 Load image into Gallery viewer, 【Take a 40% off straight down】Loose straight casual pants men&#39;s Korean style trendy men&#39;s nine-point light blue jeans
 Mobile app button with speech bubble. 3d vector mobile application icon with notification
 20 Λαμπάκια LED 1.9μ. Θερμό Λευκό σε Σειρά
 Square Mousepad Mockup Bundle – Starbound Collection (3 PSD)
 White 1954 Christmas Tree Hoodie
* * *
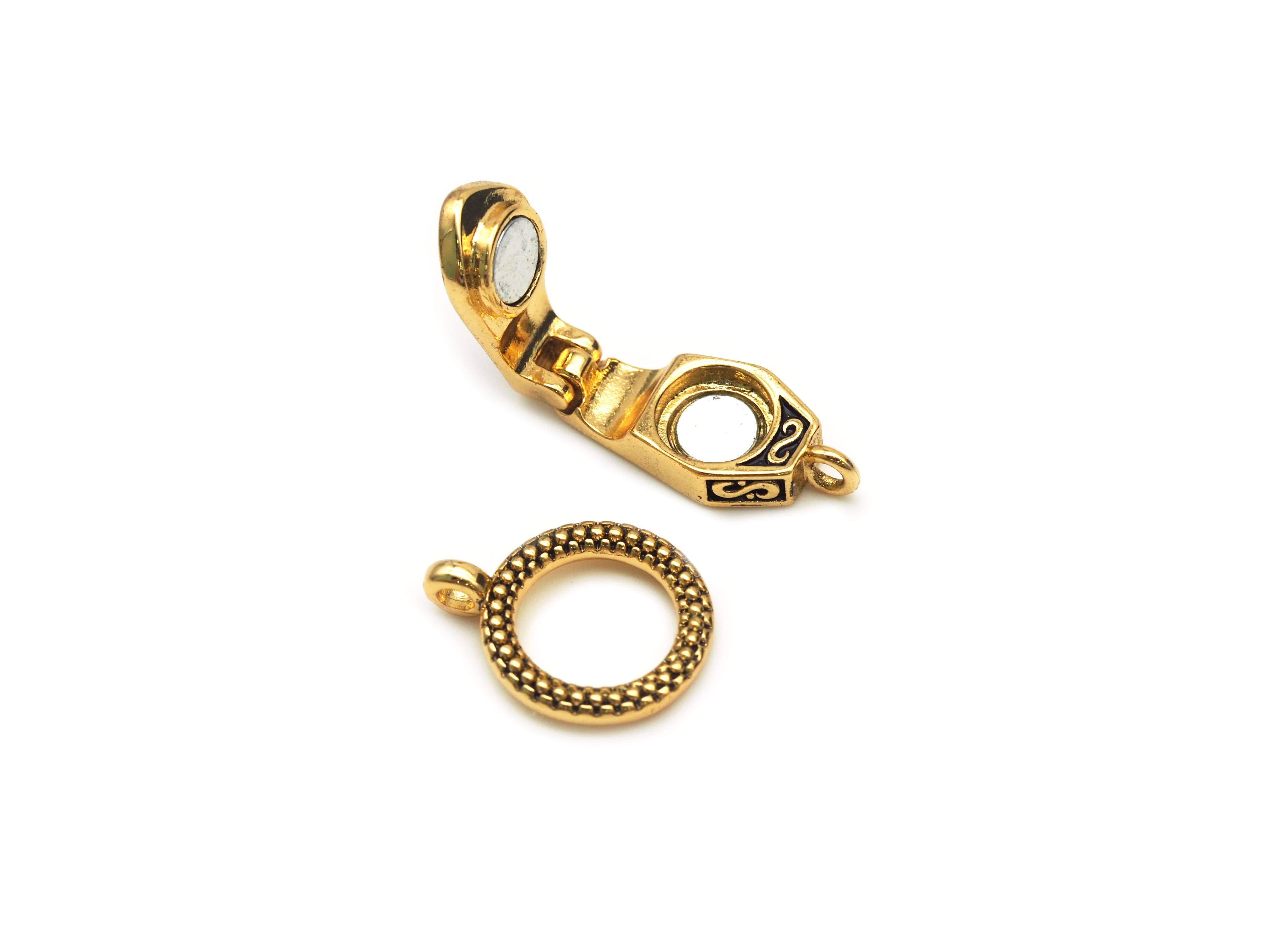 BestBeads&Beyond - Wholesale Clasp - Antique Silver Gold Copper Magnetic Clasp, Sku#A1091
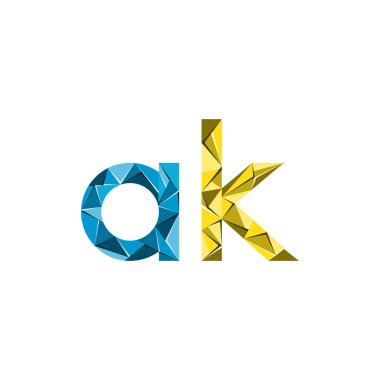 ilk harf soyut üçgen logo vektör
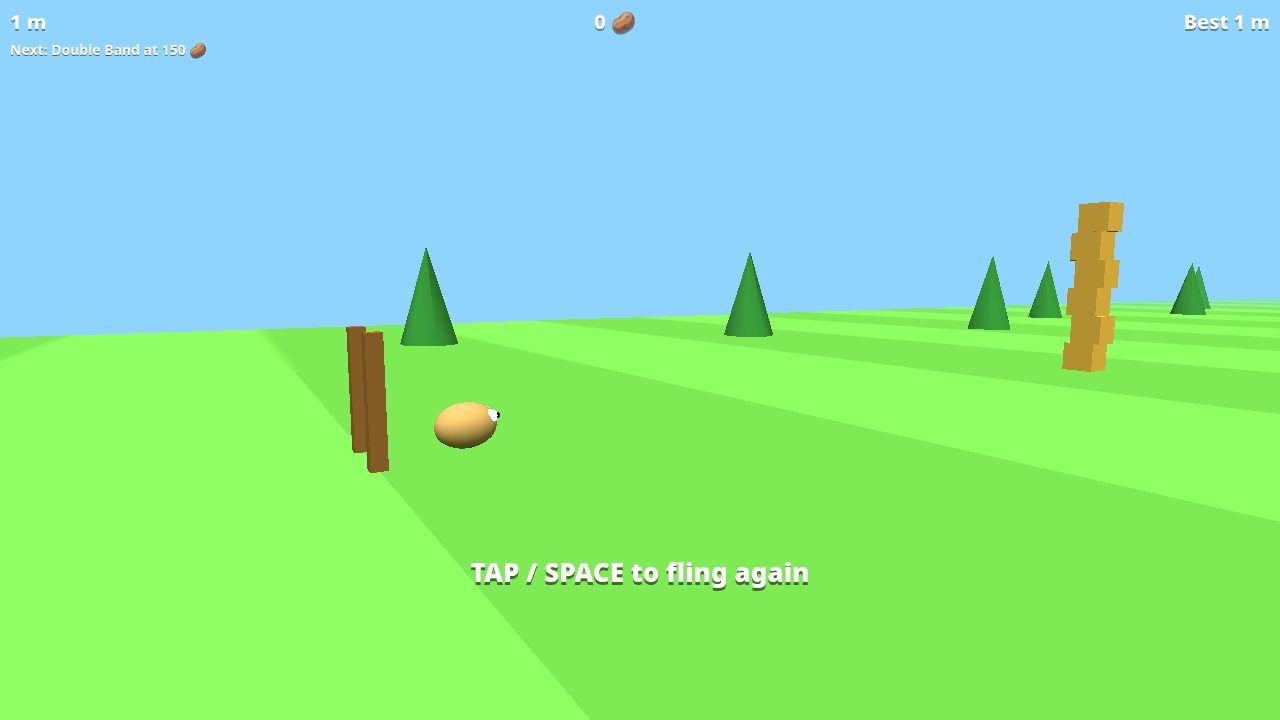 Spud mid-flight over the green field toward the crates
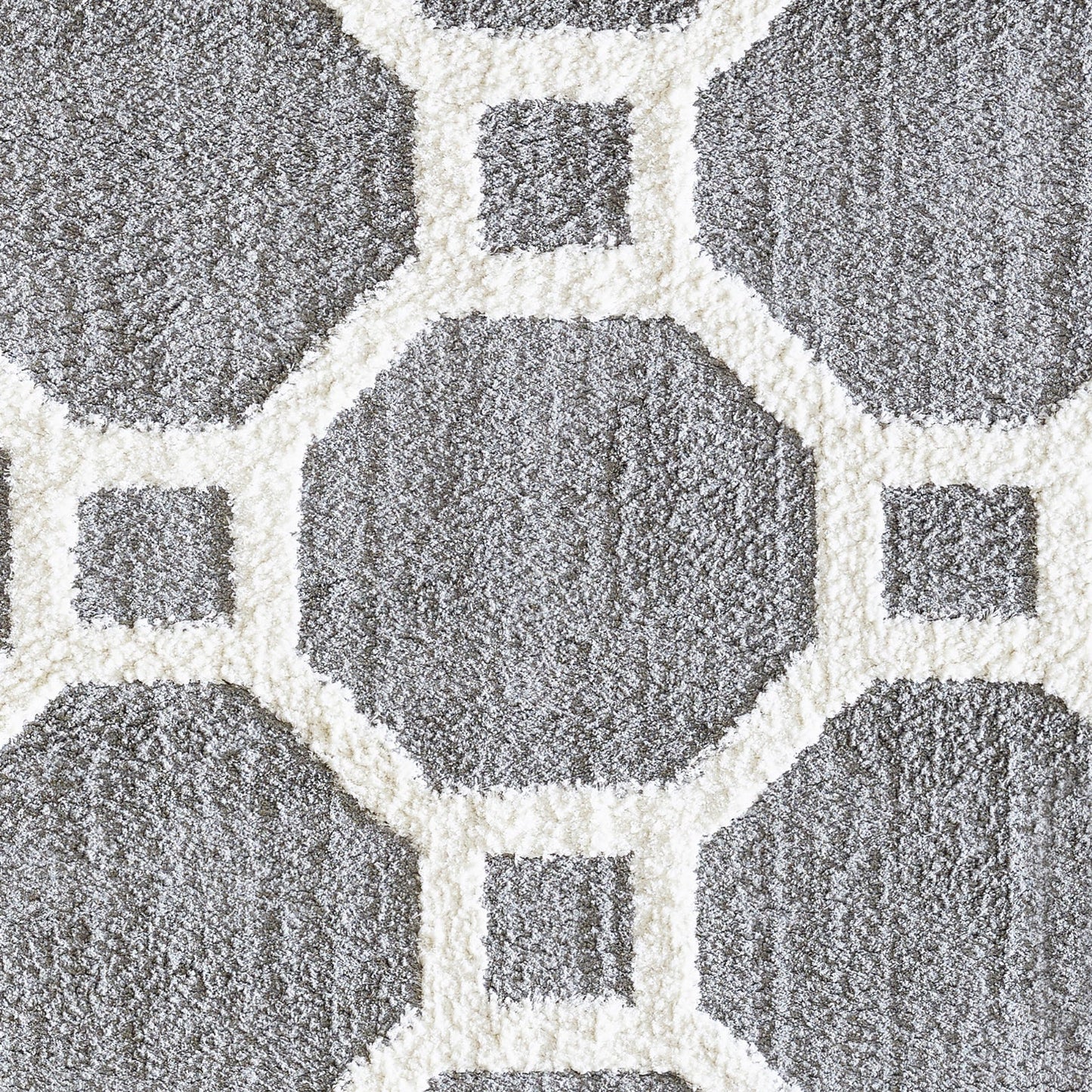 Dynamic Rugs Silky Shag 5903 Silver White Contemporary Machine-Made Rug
...
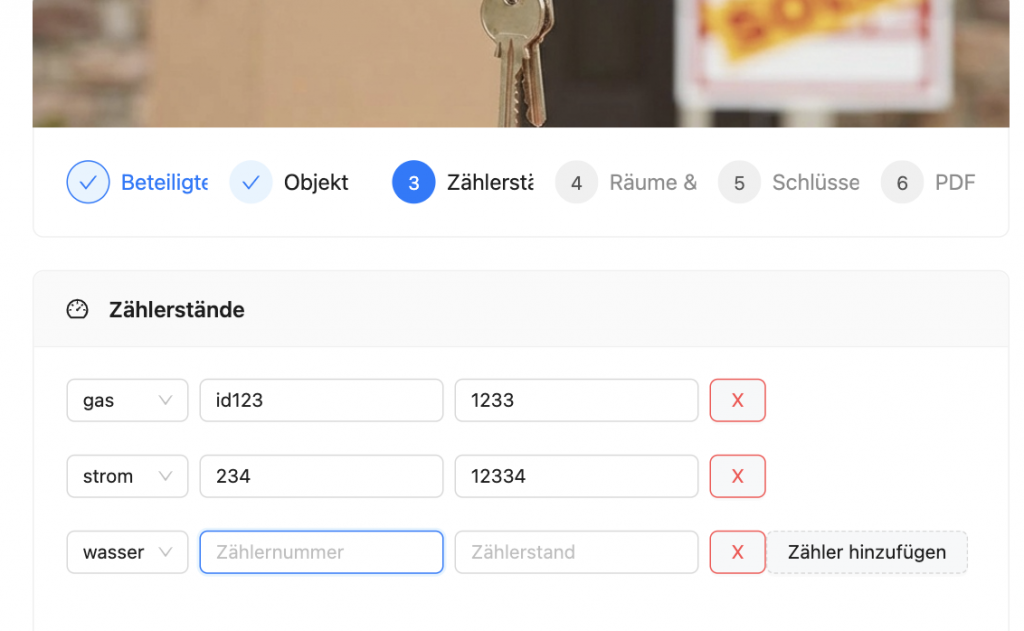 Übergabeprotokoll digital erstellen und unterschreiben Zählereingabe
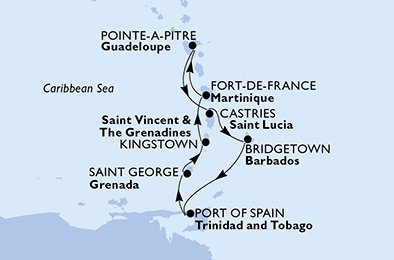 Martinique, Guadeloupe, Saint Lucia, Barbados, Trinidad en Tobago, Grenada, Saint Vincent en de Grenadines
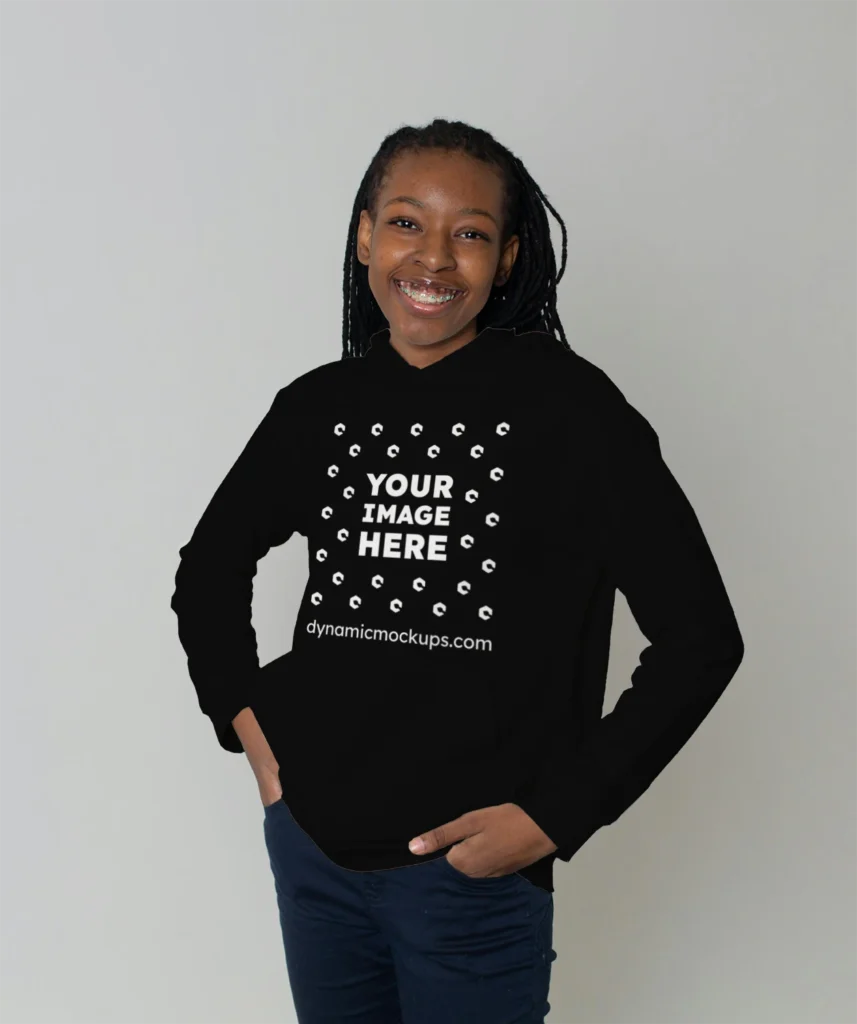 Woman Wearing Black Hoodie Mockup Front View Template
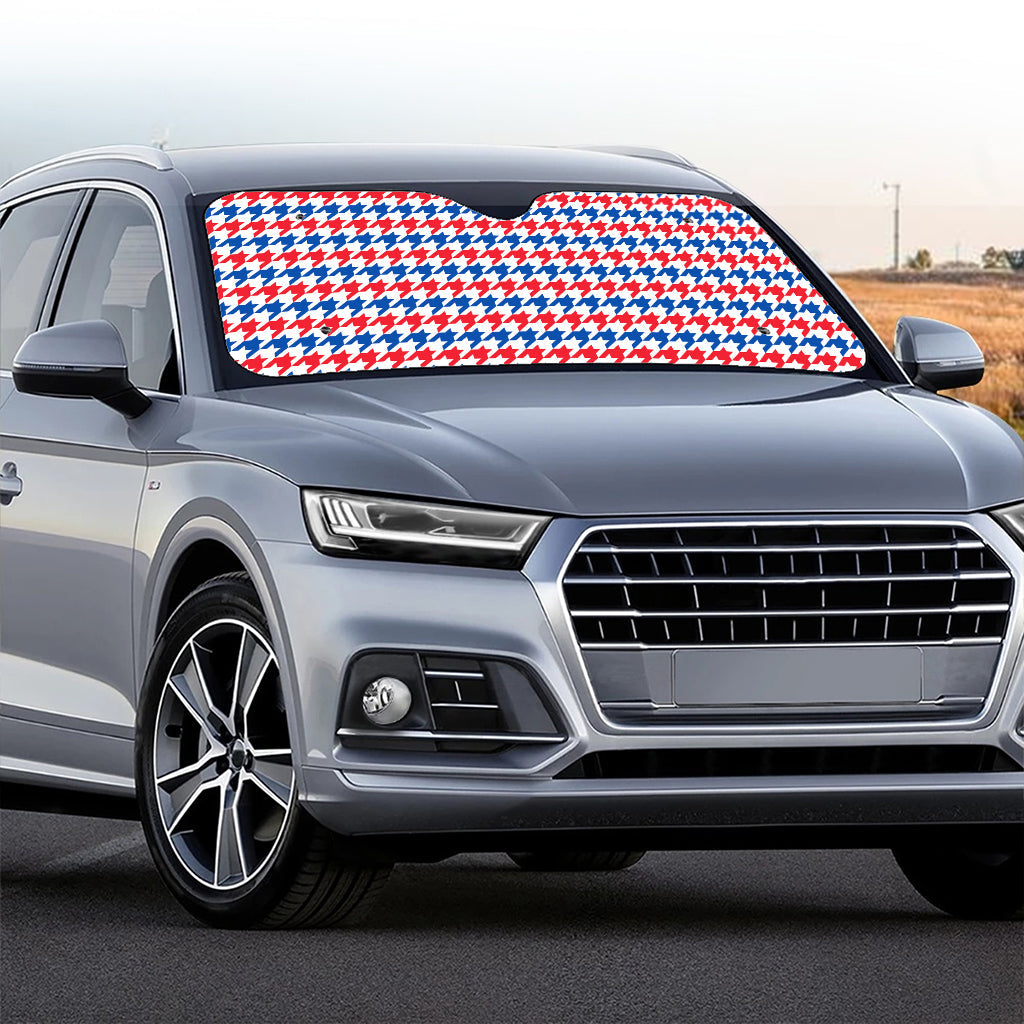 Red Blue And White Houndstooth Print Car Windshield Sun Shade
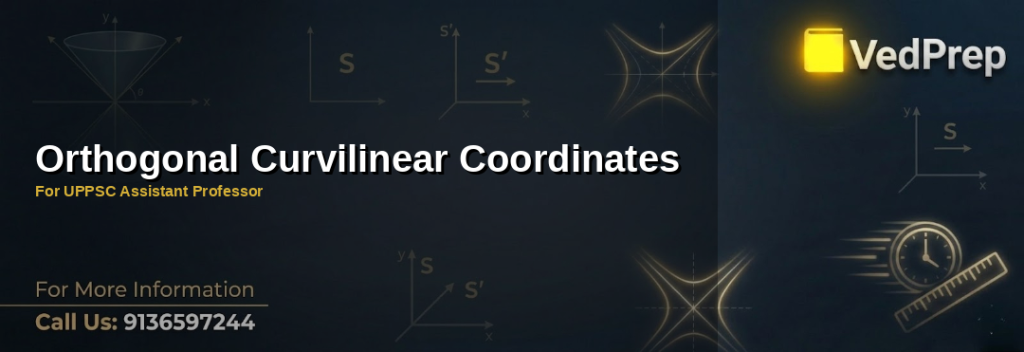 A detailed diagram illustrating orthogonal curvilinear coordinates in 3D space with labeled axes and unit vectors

» **Task to complete**
Repeat the lines above exactly, beginning with the one containing "Übergabeprotokoll digital erstellen" and finishing with the one containing "A detailed diagram". No pictures belong in the copy.

» **Solution for this problem**
 Übergabeprotokoll digital erstellen und unterschreiben Zählereingabe
 Martinique, Guadeloupe, Saint Lucia, Barbados, Trinidad en Tobago, Grenada, Saint Vincent en de Grenadines
 Woman Wearing Black Hoodie Mockup Front View Template
 Red Blue And White Houndstooth Print Car Windshield Sun Shade
 A detailed diagram illustrating orthogonal curvilinear coordinates in 3D space with labeled axes and unit vectors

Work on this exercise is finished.